At the council’s regular meeting on Wednesday, June 17, Councilman Nick Lund excused himself from the desk and presented a plea for help with flooding on his property and others in the neighborhood, which includes Woodfield Court and Tracy Street.

“I’m the newest of these four properties that have all signed this document,” Lund said, presenting a petition from neighbors asking the town to fix the problem. “Builders and contractors have put the grade back to where it was before, and what it amounted to is we have standing water in my property.”

Lund said the water pumps from the north and doesn’t have enough grade to pump to the south. A photo of one of the town’s sewer and water drains sets the grade, but needs to be lower than what it currently is, Lund said.

Lund added that he talked with Northstar Development, the developer of the neighborhood, and they came out and fixed an issue that he says helped fix drainage to about a third of the property. However, water is still left standing in areas, including an easement on his property.

He recommended installing perforated tile to drain the water and rework the easement to allow better flowage. He asked residents be allowed to hook up sump pumps and downspouts into the edge of the easement, adding that two residents have already asked to tie their sump pumps into it.

Lund talked to Wolf Excavating, which quoted $3,000 for 250 feet of perforated tile, two risers and a backfilter that would route the water to the end of the property.

Town Assistant Mike Grant said there was a similar situation recently on Conifer Court that was rectified by installing drainage  tiles.

Town Supervisor Rick Asher said there may be backfill dirt available from the Novae utility expansion project, but added that it’s not the town’s responsibility to supply residents with a sump pump to get rid of water.

Councilman Matthew Doss said if the town contributed to the damage it should be their responsibility to fix it.
“I know one of the concerns is that standing water issue, and I know the Board of Health is concerned about that,” Doss said. “If the landowner hadn’t changed the characteristic of the land to cause that condition, then the county picks up its steps to control for mosquitoes and things like that.”

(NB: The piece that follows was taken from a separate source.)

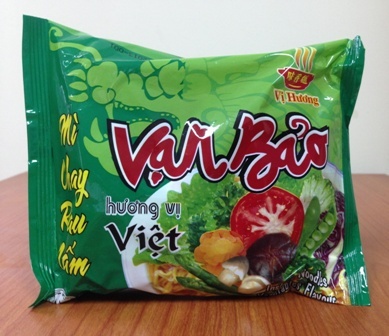 Van Bao Vegetable Flavour Instant Noodles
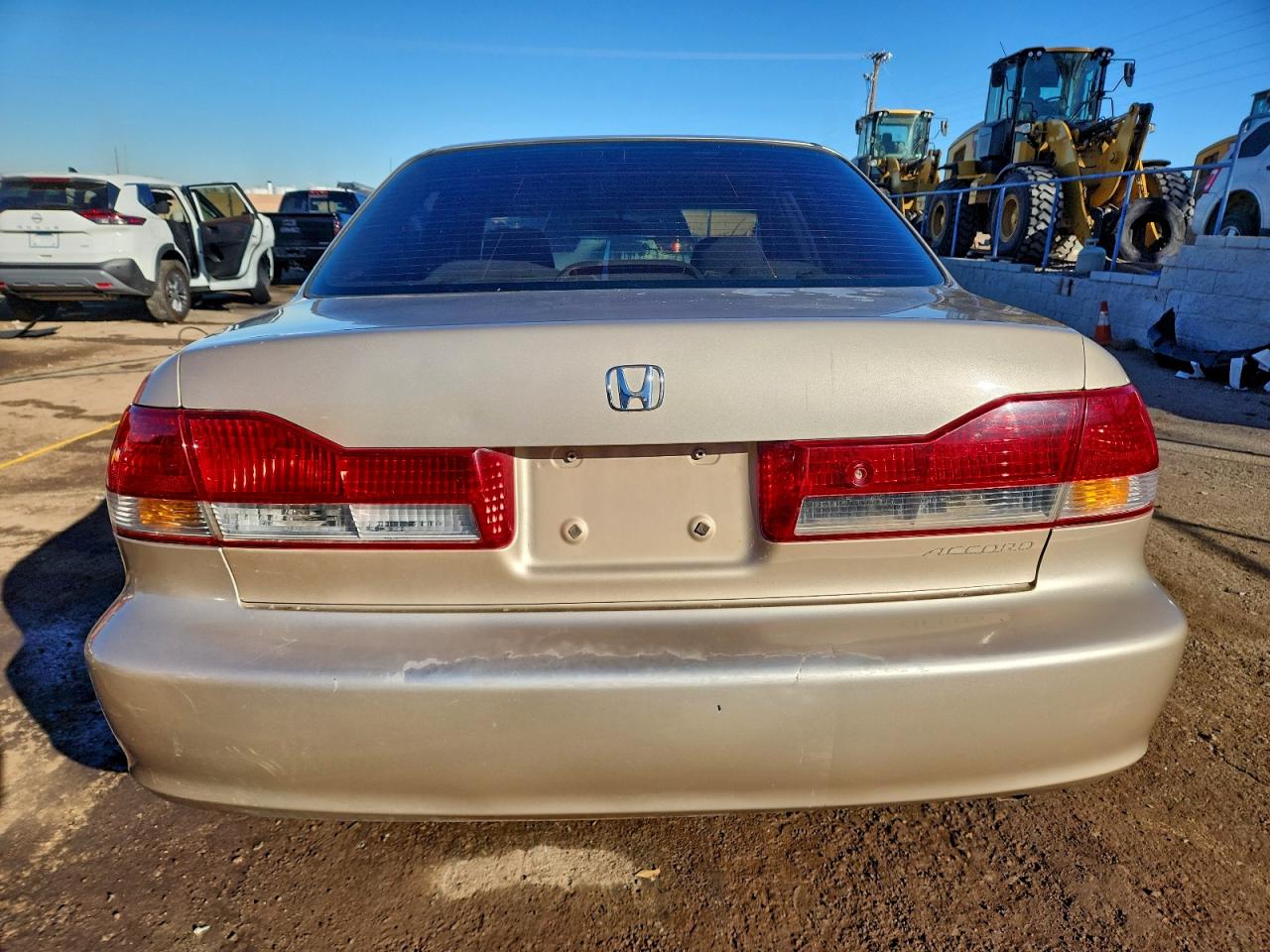 2002 HONDA ACCORD LX photo 6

Council President Aaron McClary said he was in favor of partnering with homeowners to partially pay for the project.
“I don’t know any other precedents outside of the Mercury-Girvin area project, if we’ve dealt with this in the past in other areas,” McClary said.

Following his presentation, Lund, commenting as a councilman, said the town should make a practice of getting a topography or drainage map before they sign off for a developer’s plan.

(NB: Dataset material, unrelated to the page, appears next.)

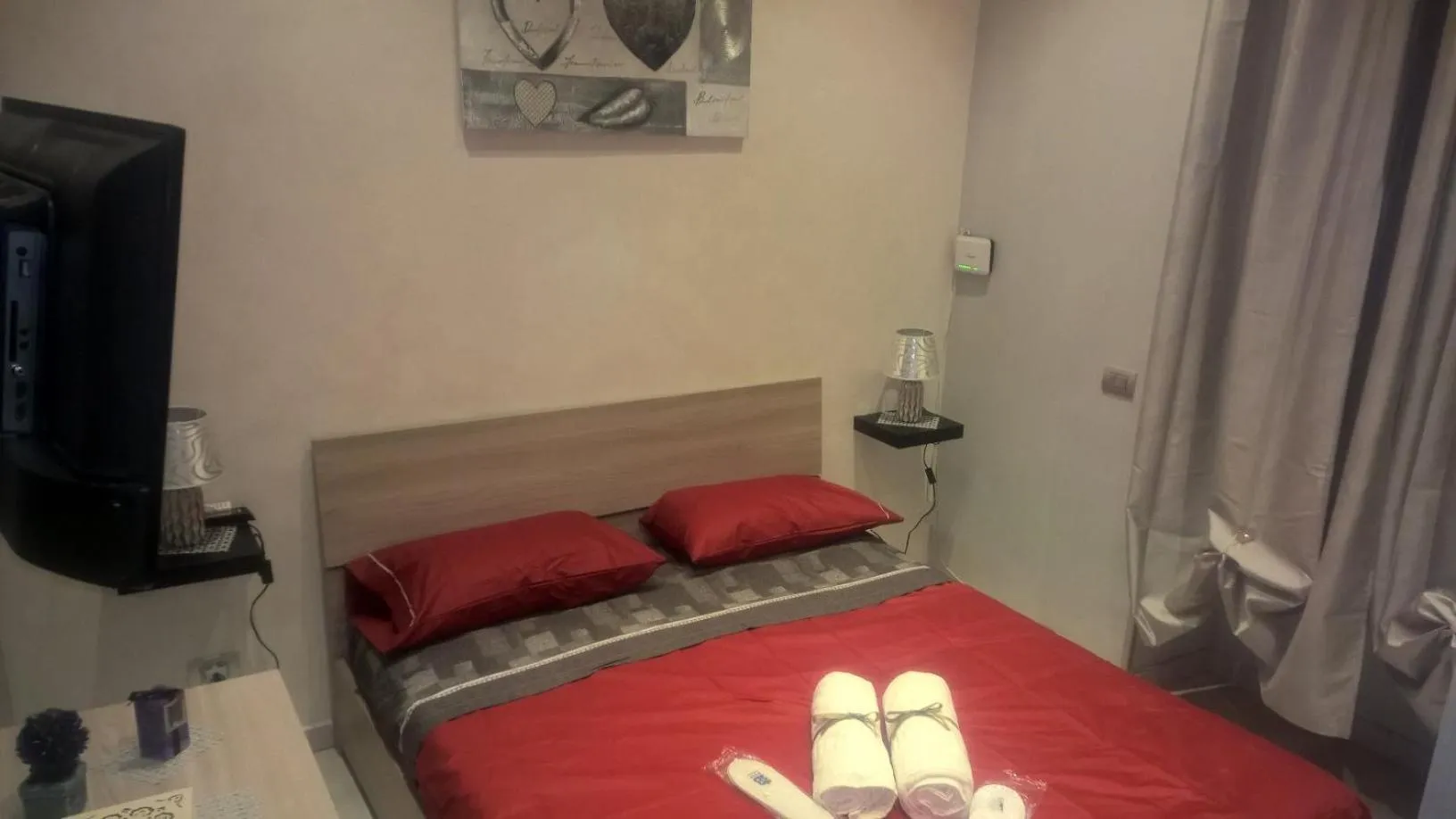 Bedroom, Bed in B&B Andrew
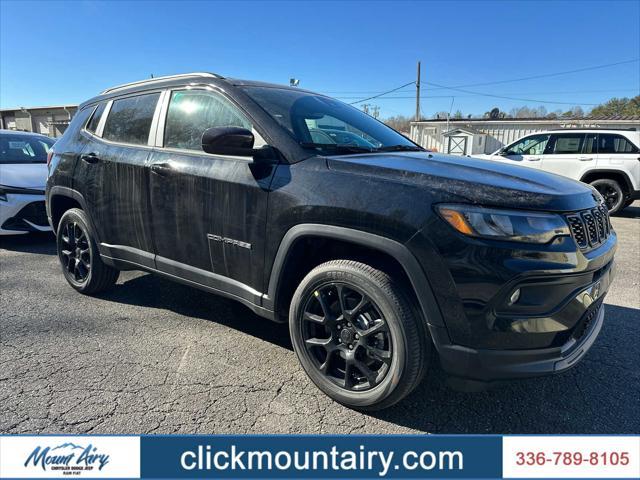 new 2025 Jeep Compass car, priced at $28,060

The council tabled the item to give them time to see if they can do anything to help alleviate the water issue and whether it’s feasible to contribute to the project.

On another item, Ordinance 2020-4, which allows for the vacation of a portion of a platted easement on Karen and Stephen Jeffers’ property at 315 E. Morse St., was unanimously approved after a public hearing was held in which no one from the public spoke.

The council also gave the go-ahead to sell the property at 480 N. Clark St. Grant had obtained two very different appraisals on the property. One was for $57,000 and another was for $80,000.

The property will be advertised in local newspapers for bid with $65,000 as the minimum bid. The town has a 60-day window to take bids, but has set a bid deadline of July 14, the date of the council’s next regular meeting.

Grant told the board there is interest in the building.

The architecture bid for the town’s new storage building project was awarded to Project Design & Management, which submitted a fee of $14,750. The bid was higher than the only other bid submitted, by DLZ, which would have charged $11,500. However, Grant said PDMI offered several additional services that would be needed during the project. Grant noted that DLZ’s hourly rate is higher than that of PDMI.

The new, 6,000-square-foot, single-story vehicle storage building has a construction budget of between $200,000 and $250,000.  

On another matter, Clerk-Treasurer Stephenie Hensley announced the town hall office is back open to the public, following closure to comply with COVID-19 restrictions.

Town officials also wish to notify residents that mosquito fogging began last week, and is aimed at keeping the mosquito population to a minimum inside town limits.